Among the records that follow, find the line with "Fuste lungi Satin midi skirt Femei" and the line with "Tall Women's Bright". Set down those lines and all lines between them exactly, without adding anything.
::: MATERIAL TO PROCESS :::
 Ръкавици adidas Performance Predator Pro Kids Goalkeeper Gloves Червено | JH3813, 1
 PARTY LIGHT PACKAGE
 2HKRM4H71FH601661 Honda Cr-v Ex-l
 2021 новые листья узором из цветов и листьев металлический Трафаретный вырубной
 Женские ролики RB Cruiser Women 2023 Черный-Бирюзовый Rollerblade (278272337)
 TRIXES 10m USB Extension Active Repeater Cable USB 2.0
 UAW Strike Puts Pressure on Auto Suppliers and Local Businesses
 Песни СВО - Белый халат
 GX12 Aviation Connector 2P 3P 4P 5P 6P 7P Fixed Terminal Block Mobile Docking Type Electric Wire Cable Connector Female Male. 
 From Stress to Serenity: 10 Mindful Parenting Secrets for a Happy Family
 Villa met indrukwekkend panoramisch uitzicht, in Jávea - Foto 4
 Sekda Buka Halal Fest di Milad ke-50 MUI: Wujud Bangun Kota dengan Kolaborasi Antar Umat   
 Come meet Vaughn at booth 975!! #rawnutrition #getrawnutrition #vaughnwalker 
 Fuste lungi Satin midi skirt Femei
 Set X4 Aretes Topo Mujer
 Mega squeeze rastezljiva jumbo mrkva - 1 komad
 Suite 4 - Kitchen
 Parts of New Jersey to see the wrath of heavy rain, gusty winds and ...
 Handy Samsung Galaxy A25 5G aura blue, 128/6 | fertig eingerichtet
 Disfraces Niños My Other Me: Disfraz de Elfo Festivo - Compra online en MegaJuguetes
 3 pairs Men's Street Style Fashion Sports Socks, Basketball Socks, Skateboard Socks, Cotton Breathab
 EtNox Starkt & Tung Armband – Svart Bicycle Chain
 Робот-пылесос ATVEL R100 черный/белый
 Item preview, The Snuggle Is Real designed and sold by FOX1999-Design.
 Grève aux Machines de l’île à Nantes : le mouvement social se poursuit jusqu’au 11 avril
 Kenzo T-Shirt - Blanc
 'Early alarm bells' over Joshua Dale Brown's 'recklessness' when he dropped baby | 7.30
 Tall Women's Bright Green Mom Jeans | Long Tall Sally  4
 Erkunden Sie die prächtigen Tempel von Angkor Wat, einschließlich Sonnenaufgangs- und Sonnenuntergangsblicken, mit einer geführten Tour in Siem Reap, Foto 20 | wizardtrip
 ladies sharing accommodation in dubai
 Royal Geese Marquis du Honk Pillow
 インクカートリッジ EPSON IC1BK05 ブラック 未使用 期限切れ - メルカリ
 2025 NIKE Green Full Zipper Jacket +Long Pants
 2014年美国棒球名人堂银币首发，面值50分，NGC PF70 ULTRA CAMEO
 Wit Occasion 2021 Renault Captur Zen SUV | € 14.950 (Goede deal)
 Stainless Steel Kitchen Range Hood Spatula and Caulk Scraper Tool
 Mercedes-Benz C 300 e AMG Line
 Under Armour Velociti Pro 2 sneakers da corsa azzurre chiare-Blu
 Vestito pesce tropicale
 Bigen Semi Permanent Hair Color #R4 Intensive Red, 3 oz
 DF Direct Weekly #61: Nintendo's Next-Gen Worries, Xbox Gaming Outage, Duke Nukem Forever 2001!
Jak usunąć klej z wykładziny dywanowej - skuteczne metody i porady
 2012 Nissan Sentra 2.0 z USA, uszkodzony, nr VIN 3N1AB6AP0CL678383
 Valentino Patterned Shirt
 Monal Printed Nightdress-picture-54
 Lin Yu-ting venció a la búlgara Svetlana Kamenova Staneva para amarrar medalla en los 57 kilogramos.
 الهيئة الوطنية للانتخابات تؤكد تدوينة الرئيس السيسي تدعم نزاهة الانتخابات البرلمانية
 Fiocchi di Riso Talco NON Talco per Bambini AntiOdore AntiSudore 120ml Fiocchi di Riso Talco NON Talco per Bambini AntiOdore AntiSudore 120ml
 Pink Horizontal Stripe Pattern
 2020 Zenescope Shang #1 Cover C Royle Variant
:::
REPLY:
 Fuste lungi Satin midi skirt Femei
 Set X4 Aretes Topo Mujer
 Mega squeeze rastezljiva jumbo mrkva - 1 komad
 Suite 4 - Kitchen
 Parts of New Jersey to see the wrath of heavy rain, gusty winds and ...
 Handy Samsung Galaxy A25 5G aura blue, 128/6 | fertig eingerichtet
 Disfraces Niños My Other Me: Disfraz de Elfo Festivo - Compra online en MegaJuguetes
 3 pairs Men's Street Style Fashion Sports Socks, Basketball Socks, Skateboard Socks, Cotton Breathab
 EtNox Starkt & Tung Armband – Svart Bicycle Chain
 Робот-пылесос ATVEL R100 черный/белый
 Item preview, The Snuggle Is Real designed and sold by FOX1999-Design.
 Grève aux Machines de l’île à Nantes : le mouvement social se poursuit jusqu’au 11 avril
 Kenzo T-Shirt - Blanc
 'Early alarm bells' over Joshua Dale Brown's 'recklessness' when he dropped baby | 7.30
 Tall Women's Bright Green Mom Jeans | Long Tall Sally  4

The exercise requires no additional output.